La Guerre des fils de lumière contre les fils des ténèbres


January 06 2010 to January 10 2010



Freedom shall be our shroud.
Flavius Joseph




Whether he is directing fiction or documentaries, Amos Gitai questions, listens : as Serge Toubiana remarked, his role is that of watchman or a look-out, observing the field where the powers-that-be act out their plans. Gitai has too much respect for the real to impose a particular point of view. His rigor, in confronting the trap of images, the liberty he takes in his approach, have created serious difficulties for him in Israel : serious enough that he chose to avoid TV censorship by keeping a large distance from it for over ten years, between 1982 and 1993, a period during which he continued to work as a critic. It was towards the end of this period that he created in Italy, first in Gibellina in 1992, and then at the 55th Venice Biennale, in June of 1993, The War of the Sons of Light Against the Sons of Darkness.
This theatrical performance of spoken and sung oratorio, borrows for the most part, from The War of the Jews, where the historian Flavius Joseph tells the story of the destruction of the Jewish sovereignty by the Roman empire during the first century BC. Amos Gitai has always appreciated the complexity of this work. Because Flavius Joseph, as his name indicates, has a foot on both sides. Son of an important family of religious clerics, he is active in the first Judeo-Roman war as commander in chief of the Jewish troops in Galilee. Captured, he manages to save his life by working for the Roman Empire - an empire, which did not exclude, quite to the contrary, the glorification of oppressed peoples. Following in Joseph's footsteps, Gitai went off to Massada to film, where the ruins of the fortress defended by the last Jewish patriots stands.
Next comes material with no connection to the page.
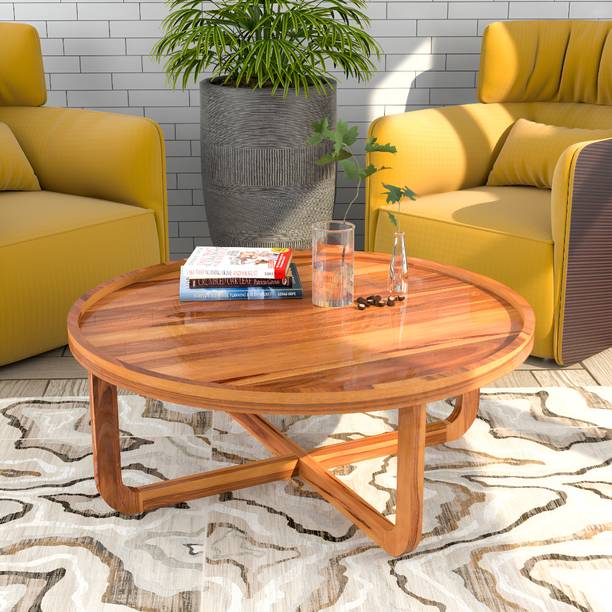 Klenta Home Decor Solid Sheesham Wood Coffee Tale/Centre Table For Living Room/Bedroom/Dining Room Solid Wood Coffee Table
According to the historian, who is our sole source concerning these events, the besieged Jews committed suicide after a resistance movement that went on for three years in order to escape forced slavery. In this dialogue that shouts through the centuries and is orchestrated by Gitai, the voices echo, murmur and clamor, sing, make music, move from one language to another, embodying one power, then the other, occasionally clouding over the lines between the two : in this rustling of voices where French, Hebrew, Yiddish, Arab and English echo and answer each other, how can one possibly situate an identity ? Seven narrators embody the exiles from the different countries represented in the story. Four of them take turns speaking the words of the main actors. Amongst them are Jérôme Koenig (who will be playing the role he created at Gibellina). Jeanne Moreau will join him for this unique occasion, first at the 2009, Avignon Festival at the Carrière de Boulbon, then in the Odeon theater's Grande salle.